*Instructions for the task:*
When you transcribe the listing, keep each line exact and drop the pictures.

*Extracted entries:*
================================

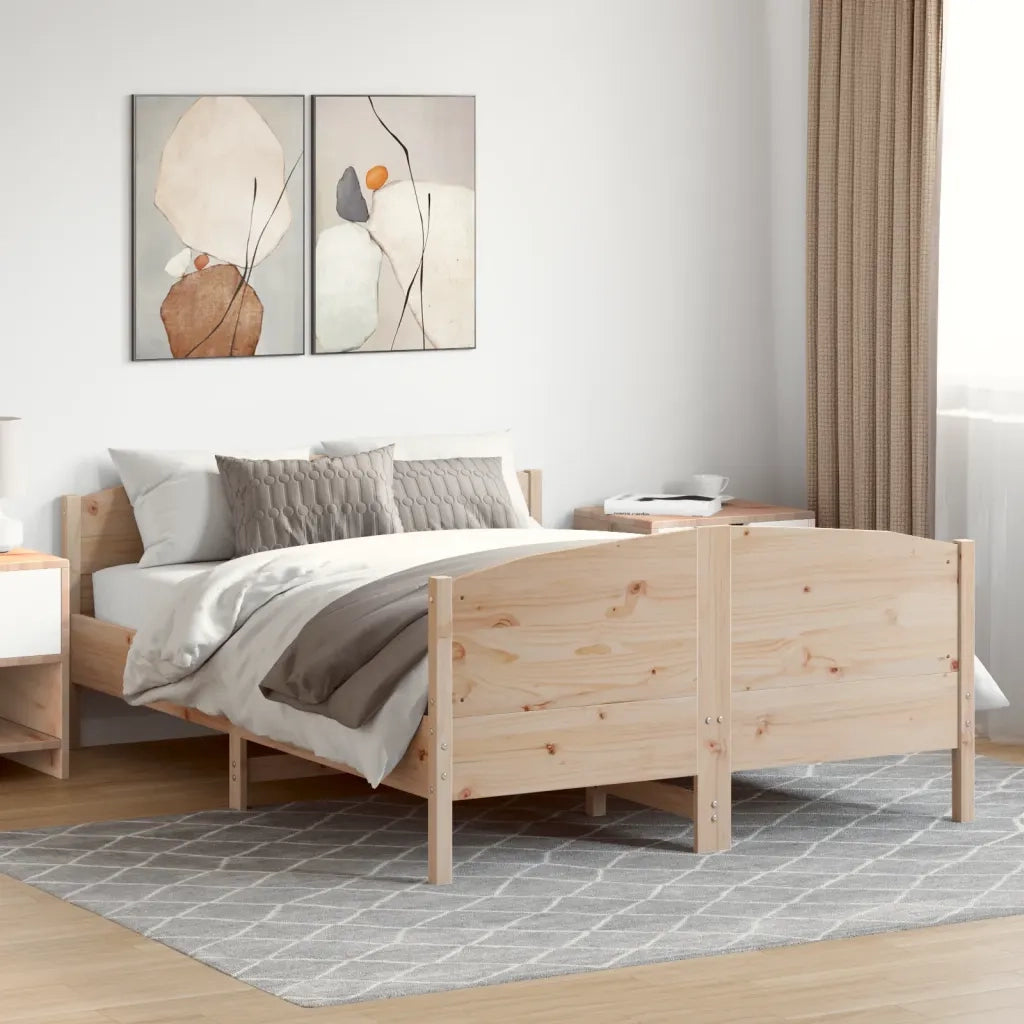 Letto senza Materasso-Struttura Letto 120x190 cm in Legno Massello di Pino 587141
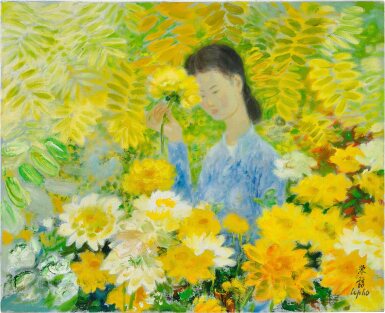View full screen - View 1 of Lot 720. Le Pho 黎譜 | La jeune fille aux dahlias 少女與大麗花.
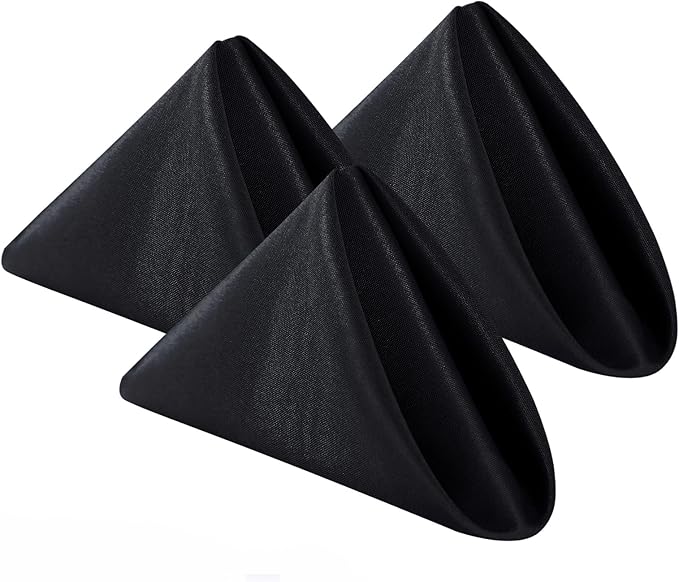 Bailarina Cloth Napkins Set of 40,17x17 inches Dinner Napkins Cloth Washable,Polyester Square Table Cloth Napkin Bulk with Hemmed Edges Ideal for Banquets, Parties and Weddings-Black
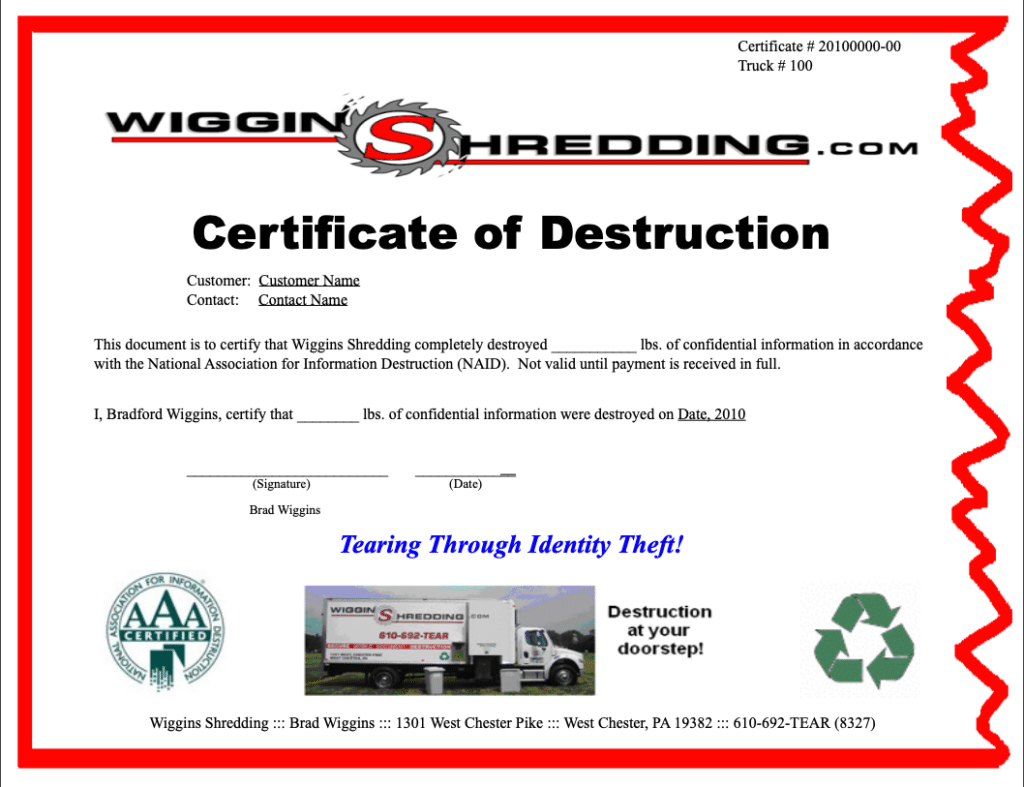 Certificate Of Destruction – Wiggins Shredding With Regard To Hard Drive Destruction Certificate Template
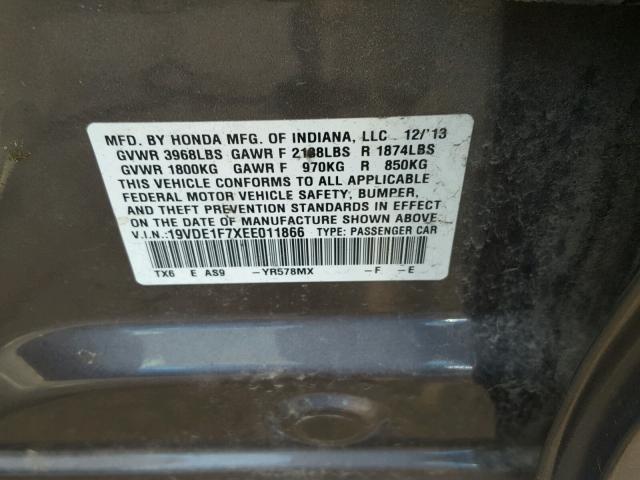 19VDE1F7XEE011866 - 2014 ACURA ILX 20 TEC GRAY photo 10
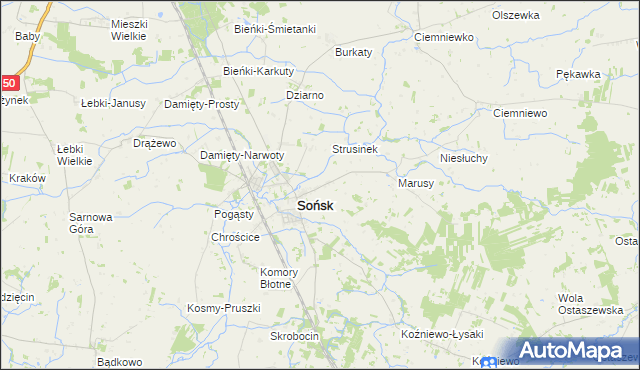 mapa Szwejki gmina Sońsk, Szwejki gmina Sońsk na mapie Targeo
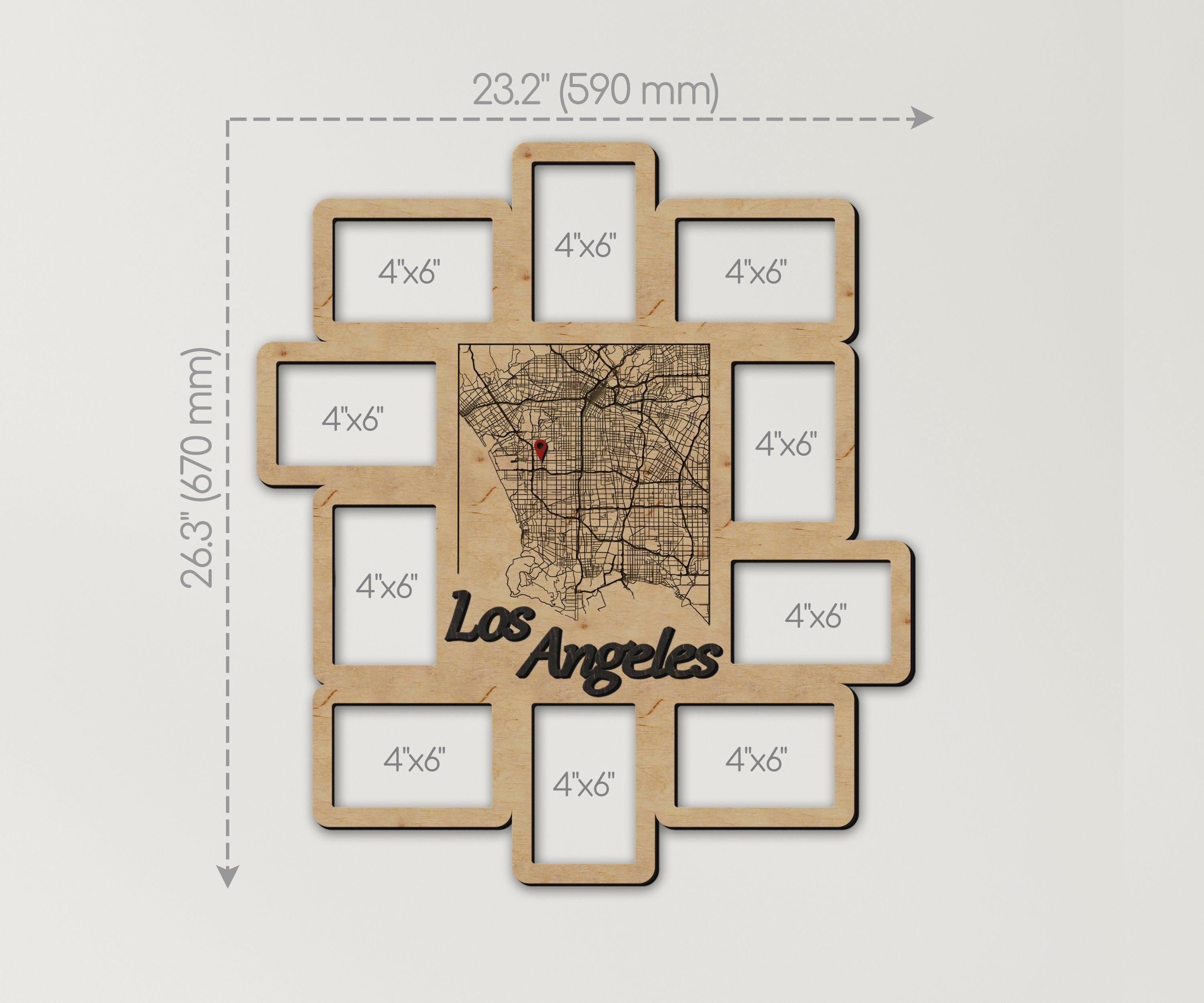 Personalized picture frame collage with Custom city map Unique bilderrahmen collage Custom office decor Wall hangings LA city map wall art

================================

*Task response:*
 Letto senza Materasso-Struttura Letto 120x190 cm in Legno Massello di Pino 587141
View full screen - View 1 of Lot 720. Le Pho 黎譜 | La jeune fille aux dahlias 少女與大麗花.
 Bailarina Cloth Napkins Set of 40,17x17 inches Dinner Napkins Cloth Washable,Polyester Square Table Cloth Napkin Bulk with Hemmed Edges Ideal for Banquets, Parties and Weddings-Black
 Certificate Of Destruction – Wiggins Shredding With Regard To Hard Drive Destruction Certificate Template
 19VDE1F7XEE011866 - 2014 ACURA ILX 20 TEC GRAY photo 10
 mapa Szwejki gmina Sońsk, Szwejki gmina Sońsk na mapie Targeo
 Personalized picture frame collage with Custom city map Unique bilderrahmen collage Custom office decor Wall hangings LA city map wall art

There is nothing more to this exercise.